[bitnami/redis-cluster]: add preStop hook that gracefully fails over master nodes on pod termination #36221

sobotklp · 2025-08-28T16:27:35Z

Description of the change

This is a fix for #23036

It implements graceful failover for terminations of Redis Cluster master pods. This will limit the impact of terminations and failover events, since Redis cluster clients will have the chance to update their topology before the previous pod terminates. This will improve uptime during planned maintenance events.

Benefits

Improved uptime by failing master pods over to other replicas.

Possible drawbacks

If PodDisruptionBudget isn't being used, it may initiate a failover to a node that is also about to also be terminated.
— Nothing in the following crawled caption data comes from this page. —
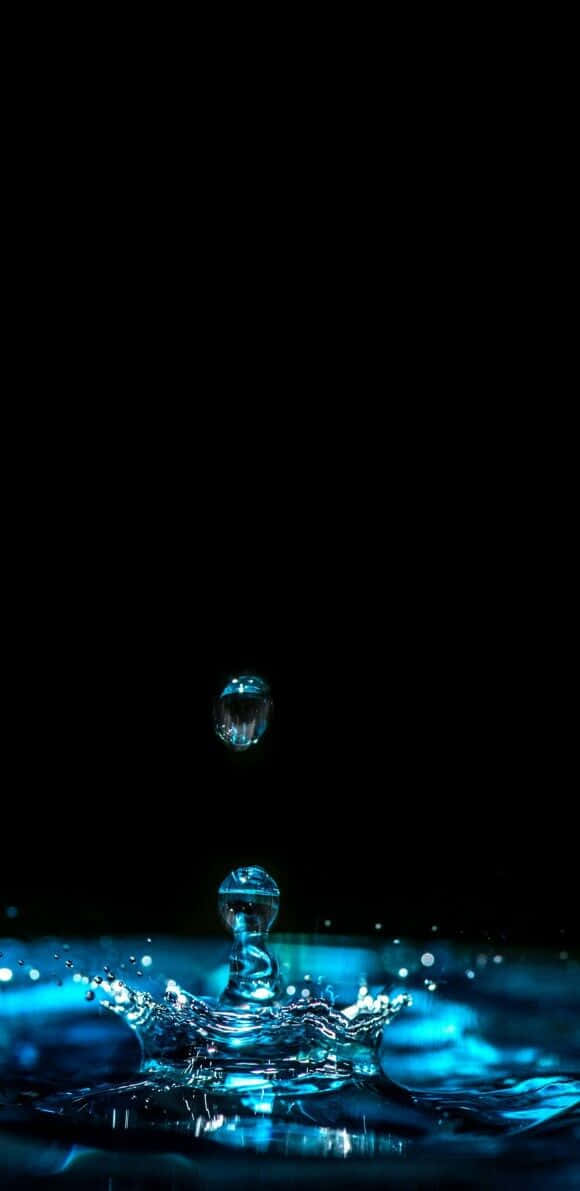 glowing blue water droplet, rippling pool, pitch black background, SD Phone Wallpaper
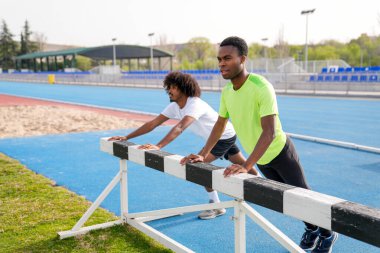 İki Afrikalı bir adam bir pistte geriniyor. Biri yeşil gömlek giyiyor.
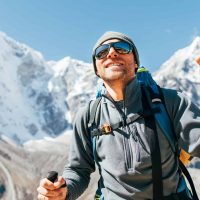 Man wearing sunglasses in the mountains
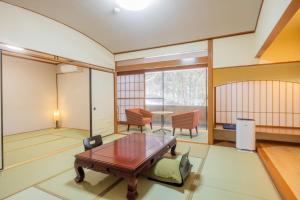 ein Wohnzimmer mit einem Holztisch und Stühlen in der Unterkunft 源泉の湯 福の屋 in Minakami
The script will attempt to filter out replicas that aren't candidates for promotion.

Applicable issues

fixes [bitnami/redis-cluster] Request failover when a master node gracefully shuts down #23036

Additional information

This is an attempt to mirror the graceful failover behaviour of the redis and valkey charts when using Sentinel.

Checklist

Chart version bumped in Chart.yaml according to semver. This is not necessary when the changes only affect README.md files.
Variables are documented in the values.yaml and added to the README.md using readme-generator-for-helm
Title of the pull request follows this pattern [bitnami/<name_of_the_chart>] Descriptive title
All commits signed off and in agreement of Developer Certificate of Origin (DCO)
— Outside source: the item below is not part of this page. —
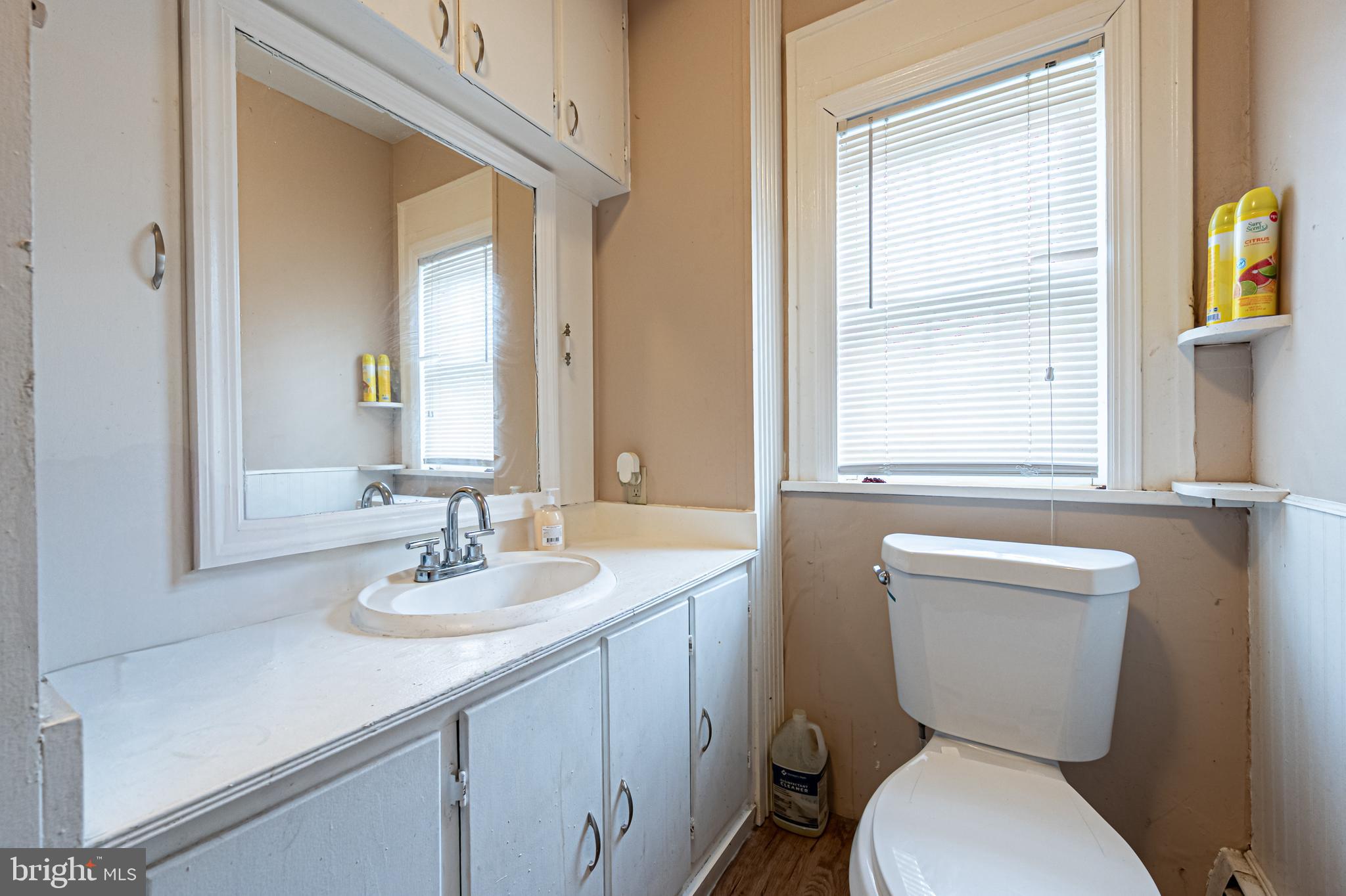 706 Augustine Road Atlantic City, NJ 08401 - Photo 17 of 29 a bathroom with a toilet a sink and a mirror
carrodher · 2025-08-28T16:44:00Z

Thank you for initiating this pull request. We appreciate your effort. This is just a friendly reminder that signing your commits is important. Your signature certifies that you either authored the patch or have the necessary rights to contribute to the changes. You can find detailed information on how to do this in the “Sign your work” section of our contributing guidelines.

Feel free to reach out if you have any questions or need assistance with the signing process.

…master nodes on pod termination Signed-off-by: Lewis Sobotkiewicz <[email protected]>

Signed-off-by: Bitnami Bot <[email protected]>

sobotklp · 2025-09-05T02:01:56Z

Thank you for initiating this pull request. We appreciate your effort. This is just a friendly reminder that signing your commits is important. Your signature certifies that you either authored the patch or have the necessary rights to contribute to the changes. You can find detailed information on how to do this in the “Sign your work” section of our contributing guidelines.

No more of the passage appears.